Monday, September 14, 2015

Haskell and Hardware

Trying to reach the smallest possible audience, I thought I'd try and combine two of my current favorite niche things, FPGA's and Haskell. This post isn't really intended to be an introduction to anything, but rather something to wet the appetite of the roughly 12 people or so interested in both functional languages and FPGA's.

I've been really enjoying messing around with FPGA's for a few months now, I have a specific project in mind, but after I taught myself VHDL and Verilog I got somewhat sidetracked in finding a better way to work with them. VHDL is a horrible verbose language based loosely on ADA's syntax, Verilog is a language based on C syntax about 80% of which can't actually be synthesized into hardware. Neither of which have anything even as basic as structures to work with.

My first thought on this was that functional languages seemed like a much better model in which to design hardware. I didn't think much more of it until a friend pointed me at this talk by Conal Elliot. I tracked down the git hub repository and failed to get it to build, exchange some email with Conal and looked at some alternatives.

Apparently I'm not the only person to ever consider functional languages for hardware design, on the Haskell side there are several variants of a DSL called Lava, Conal's work and Clash, there is a Scala based DSL called Chisel and apparently the commercial HDL Bluespec which I'm told by a friend is heavily influenced by Haskell.

I was unable to get Conal's work compiling and he told me that development was on hiatus, Bluespec is commercial only and expensive, so I ended up looking at Kansas Lava and Clash. Both are Haskell based, both contain similar abstractions, but both take very different approaches, where Kansas Lava is heavily reliant on an embedded DSL, Clash tries to compile Haskell code into hardware. The use of standard Haskell syntax was the primary reason I ended up preferring the latter.

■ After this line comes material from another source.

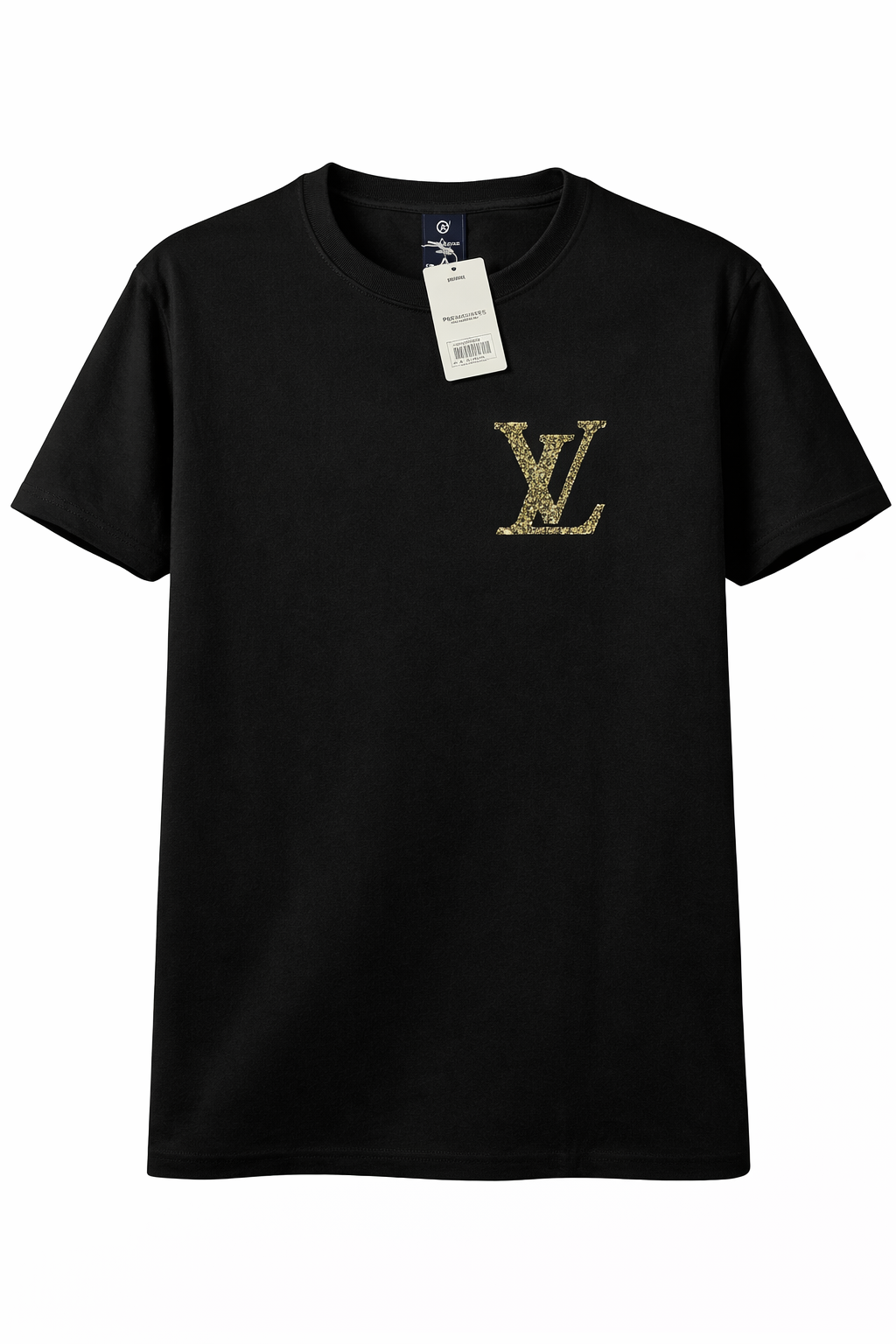 Camiseta LV Preta com Logo Dourado – Linha Premium Luxo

There are a fair number of none trivial Lava examples floating around including this 6502 implementation but far fewer Clash examples. I was looking for a manageable project to improve my understanding of Clash so I thought I'd try to implement a 6502 in Clash.

As my first reasonably sized Clash project, my solution is likely far from optimal or even good, but I think there are several things that stand out.
  • The readability of the core state machine
  • How little of the code is aware it's targeted at hardware
  • How easy it is to simulate the design by running the Haskell code
In typical I'm hacking this together fashion I didn't really think through the design before I started coding, and I changed my mind several times on exactly how certain aspects of the processor would be implemented during development. Being able to quickly "hack" in these changes was really nice, and I don't think it's something I could have done as easily in a Verilog or VHDL implementation.

The implementation is naive, the goal here isn't to be cycle accurate or even efficient,  it's about understanding what's involved in building a "simple" but "real" processor in an FPGA using Clash.  It would be an interesting exercise to try and build an efficient implementation of a 6502 in Clash, this isn't it.

I made some initial guesses at what state would need to be carried around, in the end it didn't change much. I started by coding the startup state, on boot the 6502 reads the PC from 0xFFFC and continues execution from there. This requires 3 states, an initial state where the initial address is set on the address bus and two more where we'll read the low and high PC address bytes. The latter two states will be reused for the RET and RETI instructions later, with some slight changes to the original implementation. 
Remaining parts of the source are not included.